In 1851, Chandler defeated John R. Williams and became the Mayor of Detroit. In 1852, he was the Whig Party candidate for Governor of Michigan but lost the race to incumbent Robert McClelland.

Chandler was one of the founders of the Republican Party when it was created in 1854. He identified with the Radical Republicans, a small faction in the Republican Party who opposed the Fugitive Slave Act, supported the abolition of slavery, and later advocated for civil rights for newly freed slaves. Earlier, he helped raise money to support Michigan abolitionists, and during the Civil War was instrumental in African Americans joining the Union Army. However, in later years his sincerity to the cause was questioned by some.

In 1857, Chandler replaced Lewis Cass as a U.S. Senator. Once in office, he agitated on Radical Republican issues. He attacked the Supreme Court’s Dred Scott decision, which upheld the fugitive slave laws, and opposed the admission of Kansas to the Union under the Lecompton Constitution, which allowed slavery.

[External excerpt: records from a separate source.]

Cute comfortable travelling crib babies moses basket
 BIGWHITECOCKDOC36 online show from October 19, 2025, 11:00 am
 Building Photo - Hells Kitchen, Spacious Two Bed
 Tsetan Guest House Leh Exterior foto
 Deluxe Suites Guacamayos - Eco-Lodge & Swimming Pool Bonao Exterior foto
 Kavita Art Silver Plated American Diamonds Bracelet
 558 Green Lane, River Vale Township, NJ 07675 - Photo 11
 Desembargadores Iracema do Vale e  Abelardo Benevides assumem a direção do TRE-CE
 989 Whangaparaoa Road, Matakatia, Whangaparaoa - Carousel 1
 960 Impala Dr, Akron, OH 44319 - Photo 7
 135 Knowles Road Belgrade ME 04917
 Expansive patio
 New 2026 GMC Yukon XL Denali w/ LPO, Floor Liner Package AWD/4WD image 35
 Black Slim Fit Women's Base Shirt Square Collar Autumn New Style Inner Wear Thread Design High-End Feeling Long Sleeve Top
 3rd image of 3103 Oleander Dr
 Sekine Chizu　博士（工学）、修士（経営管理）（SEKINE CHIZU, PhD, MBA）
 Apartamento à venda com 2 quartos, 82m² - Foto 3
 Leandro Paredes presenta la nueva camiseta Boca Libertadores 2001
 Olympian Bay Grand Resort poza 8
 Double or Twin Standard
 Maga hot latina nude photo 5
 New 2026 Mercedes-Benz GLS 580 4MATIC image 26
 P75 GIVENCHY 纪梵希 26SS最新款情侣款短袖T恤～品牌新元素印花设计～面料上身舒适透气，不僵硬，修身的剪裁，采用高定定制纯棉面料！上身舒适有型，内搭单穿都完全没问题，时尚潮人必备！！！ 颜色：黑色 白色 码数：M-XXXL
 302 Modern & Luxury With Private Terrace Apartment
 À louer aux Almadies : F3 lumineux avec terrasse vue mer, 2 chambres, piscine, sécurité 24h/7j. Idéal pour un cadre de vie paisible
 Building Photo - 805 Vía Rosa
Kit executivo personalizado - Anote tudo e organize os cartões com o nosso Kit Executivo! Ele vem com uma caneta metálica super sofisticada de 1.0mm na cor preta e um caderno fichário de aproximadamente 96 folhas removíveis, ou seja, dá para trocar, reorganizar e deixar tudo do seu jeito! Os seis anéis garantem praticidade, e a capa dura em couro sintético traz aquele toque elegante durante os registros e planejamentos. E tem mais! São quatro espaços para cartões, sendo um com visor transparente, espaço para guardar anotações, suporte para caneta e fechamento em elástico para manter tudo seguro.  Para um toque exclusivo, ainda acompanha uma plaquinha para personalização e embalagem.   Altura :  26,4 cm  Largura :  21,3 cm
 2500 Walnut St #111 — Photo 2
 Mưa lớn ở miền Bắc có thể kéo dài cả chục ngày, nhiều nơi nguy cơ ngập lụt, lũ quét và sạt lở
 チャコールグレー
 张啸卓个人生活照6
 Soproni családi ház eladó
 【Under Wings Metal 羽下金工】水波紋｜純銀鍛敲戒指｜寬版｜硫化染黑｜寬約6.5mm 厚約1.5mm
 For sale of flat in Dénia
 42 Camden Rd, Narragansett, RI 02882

Zachariah Chandler served as Senator until 1875, when he was defeated by the Democratic candidate. That same year, President Ulysses S. Grant appointed Chandler as his Secretary of the Interior, a position he held until President Rutherford B. Hayes dismissed him in 1877.

After being elected to the U.S. Senate in 1879, Chandler was being considered as the Republican candidate for U.S. president in the 1880 election. However, following a speech in Chicago, Chandler died in his hotel room on November 1, 1879. He is buried in Elmwood Cemetery in Detroit.